The main sentiment underlying that debate is that Britain must retain its international reputation within the life sciences and pharmaceutical industries.

Brexit represents a step into the unknown. A no-deal Brexit will create abrupt and fast changes to British regulation, threatening the country's attractiveness. But it might at least prompt a shake-up of the regulatory status quo.

One of the industries that stands to greatly benefit from any change to the status quo is the British medical cannabis industry. Since its legalisation in 2018, the sector's environment has stagnated. British patients have barely benefitted: patient access has been sluggish and confined to less than 20 cannabis products being prescribed on the NHS. The 1.4 million patients who currently self-medicate are stuck paying for pricey private prescriptions or accessing their medicine through the black market and risking arrest.

For such a leader in healthcare, why have so few British patients and businesses benefited from the industry getting the green light in 2018? A lack of NHS funding into research hasn't helped, and nor has a highly restrictive prescribing regime. There's been an extreme reluctance by the government to approve more domestic cannabis cultivation or allow British businesses to export.

It is a shame that a country so preoccupied with its life sciences status has ignored an industry that complements our existing scientific, medical and agri-tech strengths so well.

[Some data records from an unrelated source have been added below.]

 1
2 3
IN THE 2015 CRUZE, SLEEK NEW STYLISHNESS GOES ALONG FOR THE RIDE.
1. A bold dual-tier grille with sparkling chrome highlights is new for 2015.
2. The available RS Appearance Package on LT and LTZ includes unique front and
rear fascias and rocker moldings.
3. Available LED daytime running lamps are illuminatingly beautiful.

Hanway Associates, a European cannabis consultancy, has recently produced a report that offers a glimpse of what Britain's legal cannabis market could look like. The report maps a burgeoning ecosystem across the continent, where regulators support industry to produce much-needed data on clinical efficacy, develop best practices and create pharmaceutical-quality formulations that will help consolidate medical cannabis' identity as a valid, safe and effective form of medicine.

Their primary case-study is Denmark, whose medical cannabis market is an excellent example of public-private collaboration and patient-centred policy-making. The Danish Medicines Agency established two parallel four-year trials in 2018: one into domestic medical use and one of domestic cultivation.

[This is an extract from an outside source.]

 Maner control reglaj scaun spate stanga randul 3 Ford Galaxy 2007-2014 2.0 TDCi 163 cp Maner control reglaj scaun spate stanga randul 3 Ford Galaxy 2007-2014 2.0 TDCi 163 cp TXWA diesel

Through this model, Denmark integrated medical cannabis into its wider life sciences ambitions, fostering the development of the market. It facilitated patient access by subsidising treatment, maintained high production standards, provided support to home-grown start-ups and created the right infrastructure for foreign investment. In two years, almost a quarter of a billion pounds have poured into the country from international investments, helping create around 600 jobs in its first two years of existence.

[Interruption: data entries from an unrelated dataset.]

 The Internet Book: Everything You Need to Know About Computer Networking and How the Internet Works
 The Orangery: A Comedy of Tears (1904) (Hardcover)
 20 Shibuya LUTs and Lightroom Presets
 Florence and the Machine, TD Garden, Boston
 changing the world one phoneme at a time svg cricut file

The Danish example shows how the medicines and medical devices bill's three main concerns - patient access, patient safety, and attractiveness - can all be ensured through a healthy medical cannabis ecosystem. Loosening restrictions on GP prescriptions, improving incentives for entrepreneurs and stimulating funding into research through public-private partnerships are just some of the many suggestions by industry bodies and professionals they could follow.

It is entirely within the government's remit to develop a nurturing ecosystem that both works for patients and entrepreneurs. We can only hope that parliament will help build a bill that can start the long post-Brexit journey off with the right step.